Quince días después del secuestro, en un almuerzo con el genocida Jorge Rafael Videla, algunos escritores que seguían en el país, como el padre Leonardo Castellani, Alberto Ratti (presidente de la SADE), y Ernesto Sábato, consultaron por su paradero. Castellani, quien había sido maestro de Conti, lo volvió a ver secretamente en la cárcel de Villa Devoto, el 8 de julio de ese año, pero por la delicada salud del secuestrado no pudo hablar con él. En octubre de 1980 Videla declaró a la agencia EFE que «con toda certeza» Haroldo Conti estaba muerto.

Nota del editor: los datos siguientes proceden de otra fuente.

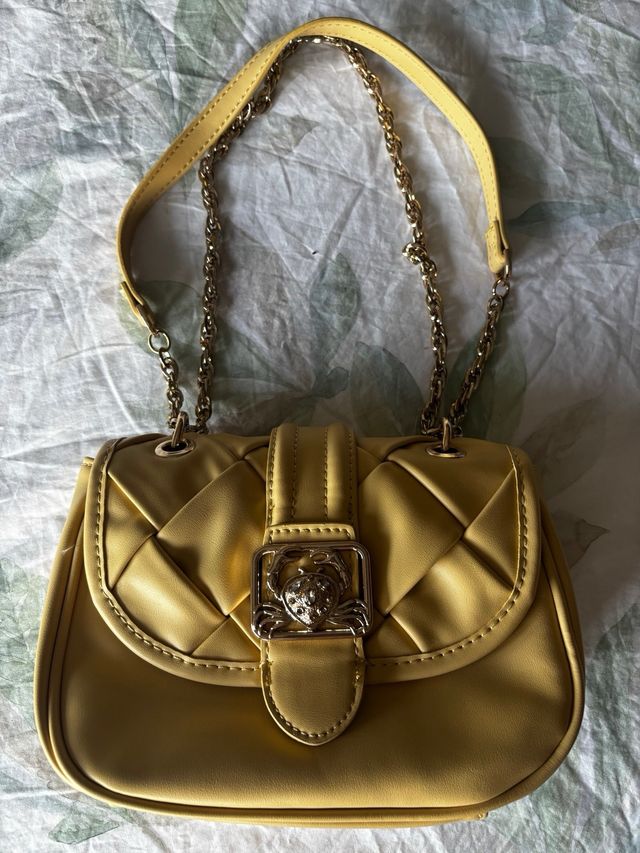 Bolso Topshop amarillo con cadena dorada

El escritor y docente Mario Goloboff, nacido en el pueblo bonaerense de Carlos Casares, catorce años más chico que Conti, lo conoció en los años 70. Lo solía ver cada tanto en la mítica librería Jorge Álvarez. Junto a Ricardo Piglia compartieron charlas de literatura en una mesa de café, incluso, Conti fue jurado del Premio de Microcrítica, donde le dieron una mención de honor a Goloboff. En esa época lo empezó a leer con mucho interés, y publicó un largo trabajo en 1972 sobre su obra en la revista Nuevos Aires, que se titulaba premonitoriamente «Haroldo Conti y el padecimiento de la máscara». Goloboff advierte una insatisfacción que acompaña las idas y vueltas de «héroes» cuyas vidas no son heroicas, ni ejemplares, ni siquiera importantes: «hombres que no tienen nada que contar, como no sea la historia de algún otro o de algún barco; tipos que pueden cruzar la calle o no, torcer para cualquier lado. Los personajes de Conti son parias, abúlicos, desclasados, desapropiados, verdaderos desconocidos, inclusive para sí mismos», relata.
El joven escritor Hernán Ronsino, otro bonaerense nacido en Chivilcoy apenas un año después del secuestro de Conti, ve un tema recurrente en casi todos los libros del autor de «Alrededor de la jaula». Lo explica así: «Es la posibilidad de una fuga, de dejar una vida, una vida pequeñoburguesa para lanzarse al camino, o para ser otro».
Para el crítico, profesor universitario y poeta Eduardo Romano la narrativa de Haroldo Conti se inscribe entre la de quienes, hacia 1960, comienzan a tratar de otra manera la cuestión regional, que Juan José Saer re denominó desde el título de su volumen de cuentos «En la zona» (1960). Romano explica que Conti indaga la zona del Delta, a la cual descubrió como piloto aéreo, desde su manuscrito «Ligados», escrito entre octubre de 1955 y abril de 1957. «Retoma ese propósito acompañando imaginariamente a un pescador vagabundo (el Boga), quien aspira reparar una embarcación abandonada (el Ariel), pero finalmente cede a los propósitos de un proyecto ajeno (la venganza del Oscuro) y sólo atina a morir junto al barco», dice.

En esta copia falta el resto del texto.